**To do**
Scan the material for the word "Black" and return every matching line.
___ Exercise data ___
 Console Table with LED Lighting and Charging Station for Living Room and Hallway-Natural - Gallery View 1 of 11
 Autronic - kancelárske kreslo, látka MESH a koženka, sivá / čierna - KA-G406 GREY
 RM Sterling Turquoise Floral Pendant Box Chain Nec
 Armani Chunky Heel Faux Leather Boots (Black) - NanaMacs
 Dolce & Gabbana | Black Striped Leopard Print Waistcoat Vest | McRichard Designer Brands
___
___ Exercise data ___
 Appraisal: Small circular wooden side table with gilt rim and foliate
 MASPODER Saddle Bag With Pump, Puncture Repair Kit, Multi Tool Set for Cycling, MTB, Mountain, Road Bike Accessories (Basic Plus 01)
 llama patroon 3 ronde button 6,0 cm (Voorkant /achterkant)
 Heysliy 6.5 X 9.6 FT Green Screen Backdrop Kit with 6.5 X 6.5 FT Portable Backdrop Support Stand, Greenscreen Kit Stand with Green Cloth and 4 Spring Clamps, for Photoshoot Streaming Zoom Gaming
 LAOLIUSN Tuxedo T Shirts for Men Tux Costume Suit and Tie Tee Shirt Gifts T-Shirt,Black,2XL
___
___ Exercise data ___
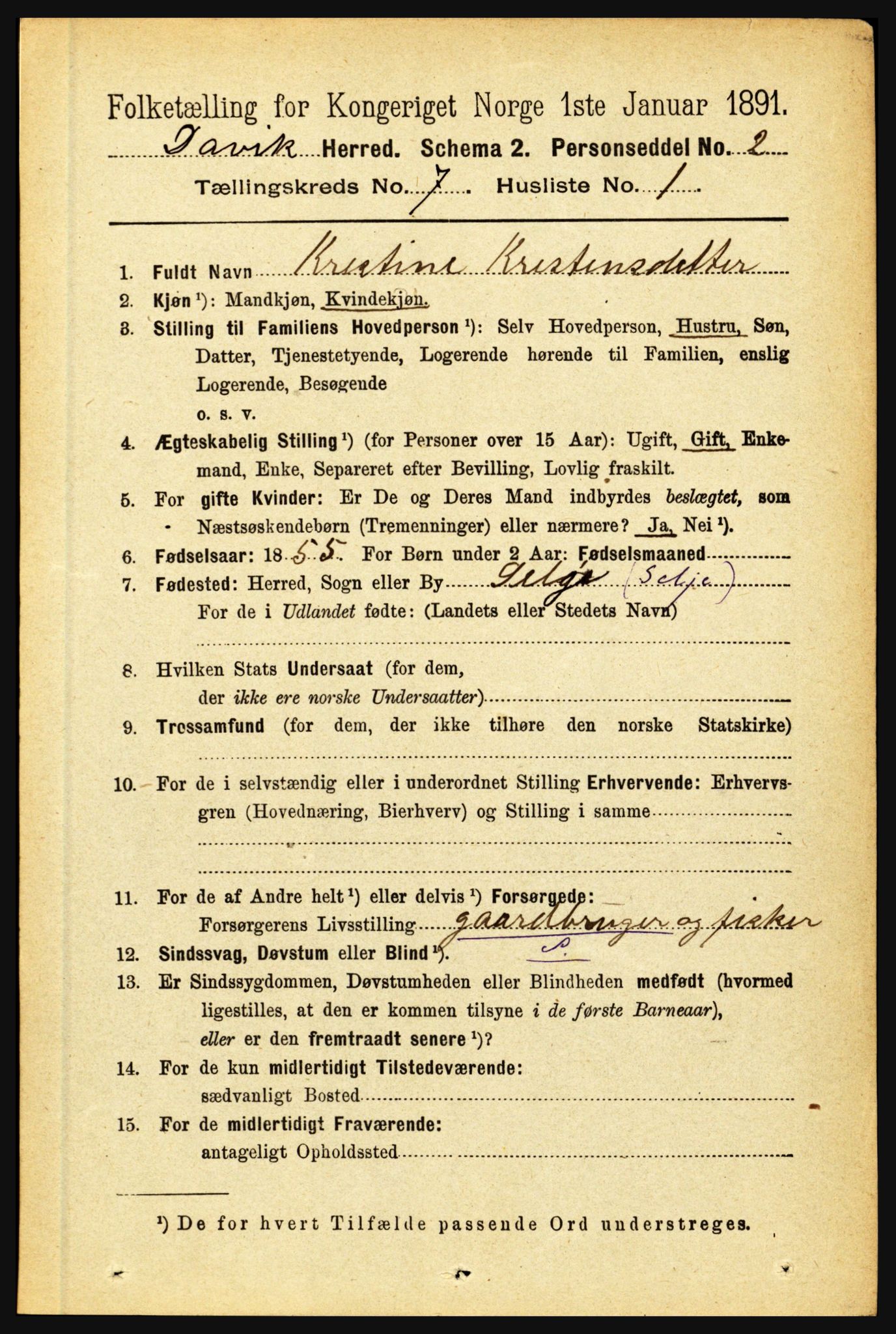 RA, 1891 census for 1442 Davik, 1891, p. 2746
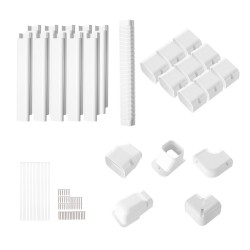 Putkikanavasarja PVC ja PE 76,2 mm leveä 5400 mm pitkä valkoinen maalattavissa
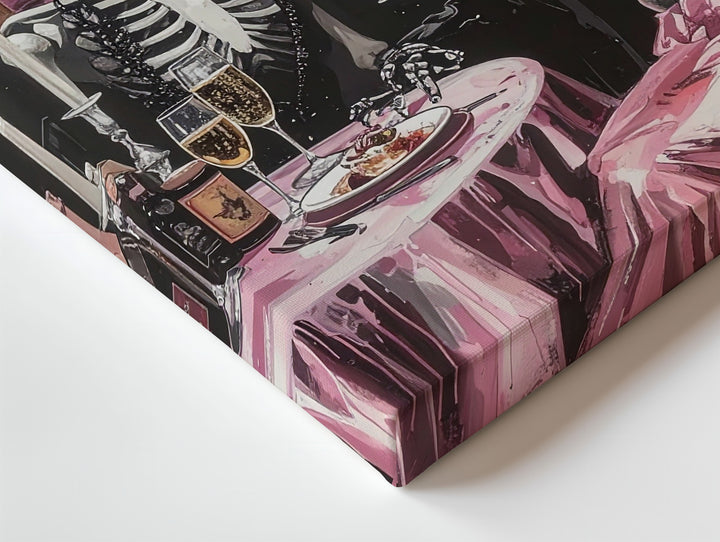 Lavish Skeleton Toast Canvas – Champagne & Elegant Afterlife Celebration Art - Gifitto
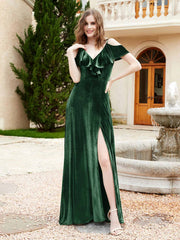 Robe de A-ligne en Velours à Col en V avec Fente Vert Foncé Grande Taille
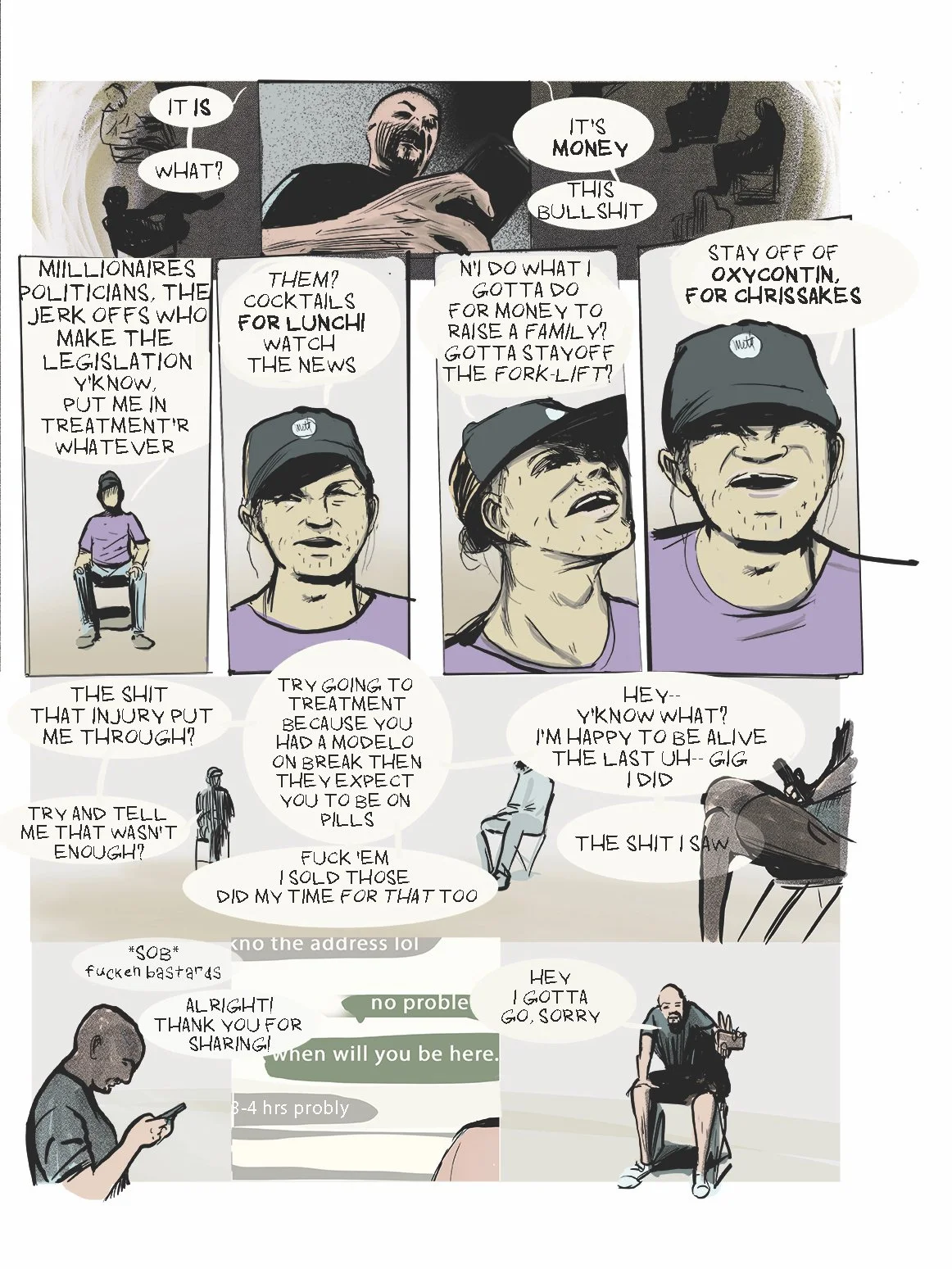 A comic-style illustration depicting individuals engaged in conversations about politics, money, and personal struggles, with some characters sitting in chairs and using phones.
___
**Exercise result**
 Armani Chunky Heel Faux Leather Boots (Black) - NanaMacs
 Dolce & Gabbana | Black Striped Leopard Print Waistcoat Vest | McRichard Designer Brands
 LAOLIUSN Tuxedo T Shirts for Men Tux Costume Suit and Tie Tee Shirt Gifts T-Shirt,Black,2XL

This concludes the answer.